Hotspotters gone cold – what happens when you change health care into something else
Hotspotters. Not everyone is familiar with this term, but it has become a mantra in healthcare since Atul Gawande popularized that term in 2011. An ambitious program in Camden New Jersey began to both identify and fix the social determinants of health, and in doing so reduce hospitalizations. This well-conceived program brought to bear all the resources that could be mustered to help people get the housing they needed, the food they needed, the health care access they needed, and virtually anything else that was amenable to positive intervention. The idea has been very simple and eminently logical, spend 1 or 2 dollars on food or transportation, and save $10 in unnecessary or avoidable healthcare expenses. Get an actual positive ROI – return on investment. By making our providers do double duty as social workers in on top of their day jobs we could get both personal and organizational successes.
The entire nation has been taken with this concept because of its compelling logic and intrinsic worth – reaching out to help our fellow man. We see the implications of this thinking every day as we ask about the social determinants of health for every visit for every person seen in an ambulatory encounter. The Hotspotter program was one of the nascent ideas that led to this widespread adoption of asking each patient about potential life difficulties they may be having. On an inpatient basis resources of social workers and case managers are devoted to addressing the needs of our patients beyond their immunizations, medications, and surgical interventions. Just the resources committed to these investigations and assessments are profound.

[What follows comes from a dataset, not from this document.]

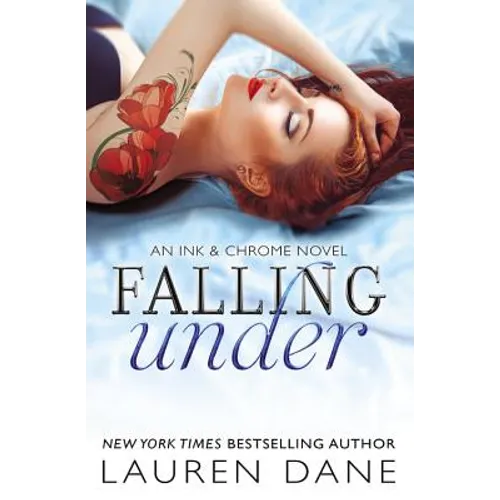 Falling Under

Now, the first results are in. In a landmark article in the New England Journal of Medicine, the Hotspotters essentially concluded that the model does not show the measurable outcomes that were expected. Although individuals benefited from the housing and the food and the transportation and the access, there was no decrease in hospitalization rates in the intervention group compared to the control group. Lots of resources invested, but the return on investment in terms of healthcare savings was just not there.
Don’t expect the questions to go away now that the benefits of such pursuits are in question, however. Once a process or requirement becomes embedded in healthcare, it stays. We will likely be asking people questions about the social determinants of health for a long time, even though it may be that our efforts are fruitless. If not totally without merit, there isn’t a benefit that we can measure.
One can wonder if this was ever really our lane. We are doctors, nurses, NPP’s, hospital administrators, social workers, and other trained professionals trained and poised to deliver healthcare. Were we ever the best instruments of change to correct the challenges of a broader society, even though we may be the best observers of the problems social inequality produces? All the patients ARE in our lane and we see what variations in finances, education, and reverse the tremendous societal problems that many of our patients face. Perhaps there is some insight here into what happens when you take experts in one field, and assume they can be experts in something – changing society – that is a big lift and that they’re not trained for.
The results are frustrating, the results are disappointing, but it’s time to move on. We should get back to healthcare, and we can continue to advocate for societal change and point out what is wrong – but we may not be the ones who can fix it – and still keep our focus on the primary mission we all trained for. Our plates are just too full right now to pursue that in which we cannot succeed.